Fern Rock is a neighborhood in the upper North Philadelphia section of Philadelphia, Pennsylvania bounded by Olney to the east, Ogontz to the west, Logan to the south, and East Oak Lane to the north. It is approximately situated between Broad Street, Tabor Road, 7th Street, Godfrey Avenue and Fisher Park. Fern Rock borders Ogontz at Broad Street, Logan at Olney Avenue, East Oak Lane at Godfrey Avenue, and Olney at the train tracks.  

The northern terminus of the Broad Street Line subway is located in Fern Rock at the Fern Rock Transportation Center. Three SEPTA Regional Rail lines also run through this station. 

The Pennsylvania College of Optometry is located in the 1200 block of West Godfrey Avenue. 

The area is a mix of 1920s-style row homes, a few high-rise apartment buildings near York and Chelten, some older twins and single homes, especially near 13th St and Spencer St, formerly known as Green Lane, along with various commercial strips along Broad Street, Olney Avenue in and around Broad Street, and the 5700-5900 block of Old York Road.
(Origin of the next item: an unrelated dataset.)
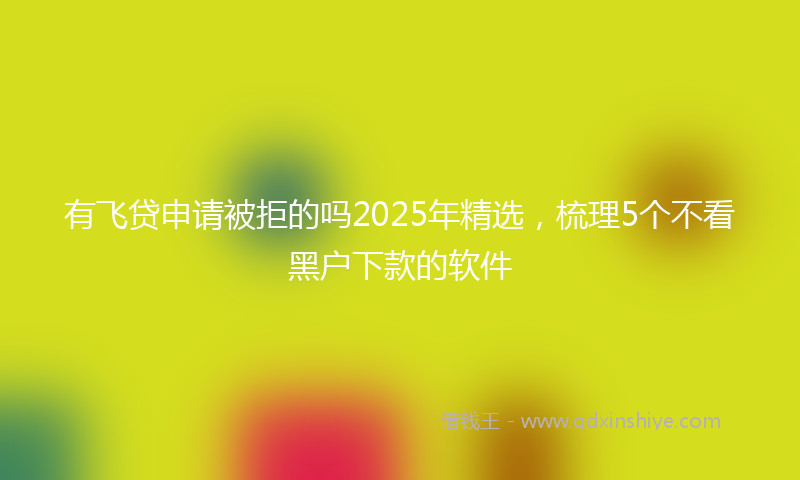 有飞贷申请被拒的吗2025年精选，梳理5个不看黑户下款的软件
Etymology of the name Fern Rock

The neighborhood is named after the ancestral estate of Elisha Kent Kane, a renowned arctic explorer and naval surgeon from Philadelphia.

Demographics

The neighborhood is a fairly stable, predominantly Black-American area.

Education

Pennsylvania College of Optometry (Eye Institute) and Community College of Philadelphia (Northwest Center) are located in the Fern Rock neighborhood. There are also colleges within a short distance:  La Salle University (Logan), Salus University (Elkins Park), and Gratz College (Melrose Park).